Look, there are a lot of comics out there. Too many. We can never hope to have in-depth conversations about all of them. But, we sure can round up some of the more noteworthy titles we didn’t get around to from the week. Today, we discuss Autumnlands: Tooth and Claw 7, Slash and Burn 1, Limbo 1, Descender 7, Chewbacca 3, and Darth Vader 12.

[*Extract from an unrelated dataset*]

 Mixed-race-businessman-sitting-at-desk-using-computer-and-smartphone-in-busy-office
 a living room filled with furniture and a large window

The Autumnlands: Tooth and Claw 7
Spencer: One of The Autumnlands‘ greatest strengths has always been its complex, fascinating world-building, and in issue 7 Kurt Busiek and Benjamin Dewey put on a masterclass in the art. This issue also acts as the first installment of a new arc, and throughout the first few pages it’s amazing how nimbly Busiek is able to recap the previous storyline, provide some exposition, and plant hints of things to come; I couldn’t help but to start speculating even that early in the issue. Things get even juicier as the issue progresses and Busiek and Dewey shift their focus to Dusty and Learoid and the mechanics behind magic. The exposition couldn’t be more straightforward, but it’s livened up not only by Dewey and colorist Jordie Bellaire’s gorgeous work, but by Busiek’s nearly lyrical exploration of the idea.

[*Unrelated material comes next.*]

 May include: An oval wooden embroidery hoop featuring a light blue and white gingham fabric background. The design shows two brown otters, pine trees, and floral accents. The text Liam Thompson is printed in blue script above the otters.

I think what’s got me most interested, though, is the hints Busiek seems to be laying about the nature of this world. Learoid comes from a world of technology and aliens, aliens who seem to have followed him to the Autumnlands (even if no one else can see them), but the Autumnlands is a land of magic, peace, and Gods. Learoid is supposed to be the one who gave the Autumnlands magic in the first place, but he can’t remember it at all. I get a distinct feeling that time travel could be involved, but more plausibly, I think that Learoid’s technology and Dusty’s magic might be one and the same. What ties it altogether are those aliens.

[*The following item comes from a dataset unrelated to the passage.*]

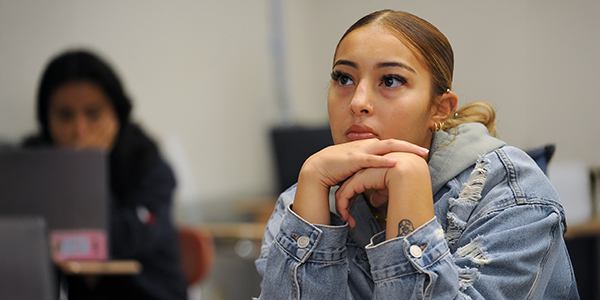 A student looking focused sitting in a classroom.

This ominous crow calls Learoid a Godkiller; there are probably a lot of explanations behind that, but with this issue’s focus on the aliens he once fought on his own world, I have to wonder if they are the “Gods” Learoid’s killed. If Learoid’s aliens are Dusty’s gods, it would tie together both their worlds into one tidy mythological bow. I could be totally off, but even if I am, I still love the clues and tidbits of information Busiek’s doled out about this world that makes it so easy to get caught up in speculating about in the first place. The Autumnlands is a riveting read.
Slash and Burn 1
Drew: I don’t love reducing stories to their elevator pitches, but every once in a while, you come across one that’s too perfect not to use. Such is the case with Slash and Burn 1, which is “Dexter, if the thing he killed was fires.” That doesn’t sound like it makes a ton of sense, but Rosheen makes it clear from the beginning that she sees herself as a murderer — not because she makes fires that kill people (though we can’t rule out that this may have happened earlier in her life), but because her job as a firefighter forces her to “kill” fires. That’s a metaphor that would be dead in the fire hydrant water if it weren’t for Rosheen’s evocative descriptions of each fire she encounters. Some are disappointing, some are familiar, but all have a unique flavor that Rosheen turns into poetry.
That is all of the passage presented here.